Have been finding the philosophical and theological implications of avatars intriguing of late, and so picked up Infinite Reality: Avatars, Eternal Life, New Worlds, and the Dawn of the Virtual Revolution a couple of weeks ago and read it yesterday. The book both is, and is not, what I had anticipated.
It is not, by and large, a detailed exploration of the science of avatars and virtual worlds. I was hoping for a kind of lay person's introduction to the coding and constructing of such worlds--this is not a book about that.
What it is, however, is a big picture analysis of the burgeoning field of social science research into the experience of having and using avatars in virtual worlds. For all it's current caché, social science research into this area is still actually quite new. So a book length survey of the field is welcome.
However, my biggest surprise in reading the book was the author's intentional pushing back on the notion of "virtual" as opposed to the real. Their point is that all reality is actually mediated, and so what we call reality, and what we call virtual, are somewhat false distinctions.
Here are two examples that illustrate the point. First, in a virtual world, if someone wearing simulator equipment is asked to walk across a narrow board straddling a deep valley, most users of the technology will experience everything someone would experience in the "real" world--sweaty palms, vertigo, fear, etc. Some people in virtual worlds simply won't do it. In this case, what is virtual is experienced as real. The brain and sense organs quickly make a switch so that the mediated world simply IS the world.
Or take for example your most recent phone conversation. If you reported that conversation to me, you wouldn't say, "I just talked to a digital reproduction of Gary's voice on a telephone device." Instead, you'd say, "I just got done talking to Gary." The mediated, virtual voice becomes, through habit of use, the real voice, and the intervening media elides.
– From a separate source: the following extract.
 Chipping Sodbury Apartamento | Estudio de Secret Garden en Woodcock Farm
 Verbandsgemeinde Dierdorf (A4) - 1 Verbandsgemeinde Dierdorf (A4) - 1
Much of this book is devoted to reducing the bar on what counts as a virtual device, and pointing out that very soon virtual devices will be able to reproduce sight, sound, taste, touch, and smell with such a high degree of precision, especially as regards tracking, that when we use them, we won't feel like we're in a virtual world. We'll just experience ourselves as really being there.
I welcome this philosophical and social science approach to the use of avatars and virtual worlds. I still wish the book would have lived up to its title more, with a deeper exploration of the theological implications of eternal life in virtual worlds, and the science and technology used in this new virtual revolution.
The book will especially benefit readers hoping to reconceive what and how virtual experiences are in relation to the real.